Siapa yang buat kamu kayak gini?!’ Tanya ibu schoked.
‘Fauzi bu.’ Jawab
Henry canggung
‘Fauzi?!
Berandalan yang suka nyiksa kamu pas SD itu?!’ Tanya ibu.
Henry menganggukan
kepalanya.
‘Coba ceritain ke
ibu! Kenapa dia udah berani buat kamu kayak gini? Dasar berandalan.’ Suruh ibu.
Henry pun
menceritakan semua yang terjadi padanya di hari pertamanya yang kelam ini. Ibu
terlihat resah mendengar cerita anaknya ini.
‘Kenapa cuma gara-gara 1 cewek
doang kamu sampai nekat begitu hen?’ Tanya ibu khawatir.
‘Dia bukan pacar
Henry kok bu. Tapi dia itu satu-satunya yang mengerti Henry bu. Dan Henry nggak
rela kalau dia di bully sama si Fauzi.’ Jawab Henry sedih.
‘Kamu pikir kamu
siapa? Suaminya?’ Sindir ibu.
‘Henry nggak mau
kehilangan teman bu. Apalagi dia cewek, kan cewek nggak pantas disakiti kan bu?

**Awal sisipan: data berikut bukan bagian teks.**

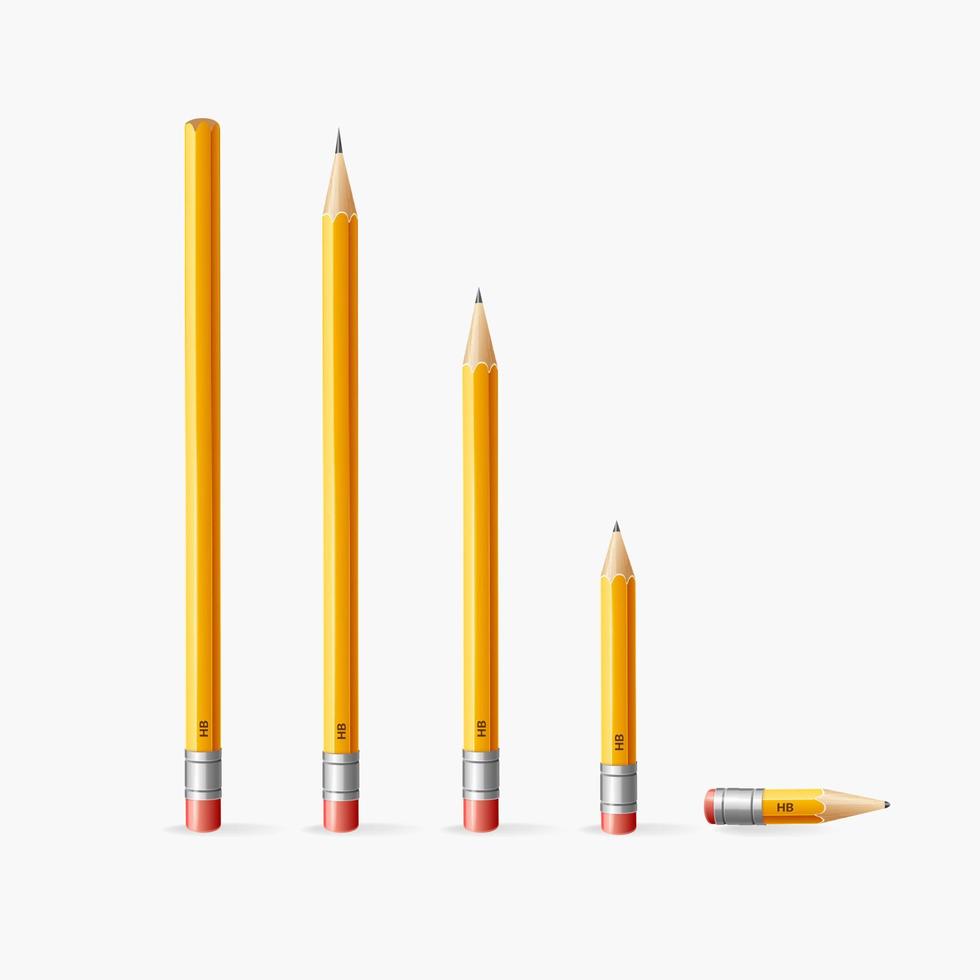 Realistic Detailed 3d Sharpened Yellow Pencil Set. Vector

Henry harus tetap melindungi dia karena itu sama saja dengan melindungi ibu
kan?’ Kata Henry.
Ibu mulai
tersenyum dan menganggukan kepalanya pada anaknya. Dia benar-benar bangga pada
anaknya ini, walaupun dia sering disakiti hatinya oleh banyak cewek, dia tidak
pernah membenci mereka. Bahkan, dia berani mengorbankan dirinya untuk seorang
cewek yang belum tentu menyukainya.
‘Ya udah, ibu
ngerti kalau kamu benar-benar peduli sama dia. Tapi, pikir-pikir dulu sebelum
bertindak ya.’ Kata ibu. ‘Kamu tidur aja dulu, ibu bakal laporin ini ke
polisi.’ Lanjutnya kesal.
‘Jangan bu!’
Larang Henry.
‘Kenapa?’ Tanya
ibu keheranan.
‘Ibu kan udah bilang,
lebih baik membalas api dengan air kan? Henry harus membalas Fauzi dengan
menunjukan ke Fauzi kalau Henry ini bisa lebih baik darinya di masa depan
nanti. Ibu ingat kan?’ Jelas Henry.
Ibu menghela
nafasnya dan berkata. ‘Iya, kamu benar.’ Tiba-tiba nada bicara ibu berubah
menjadi lebih tegas dengan air mata yang sudah jatuh dari matanya. ‘Tapi, apa
kamu mau begini terus? Kamu mau ditindas terus sama si Fauzi tanpa melawan? Ibu
sayang sama kamu hen, ibu nggak mau anak ibu ditindas semena-mena seperti itu.’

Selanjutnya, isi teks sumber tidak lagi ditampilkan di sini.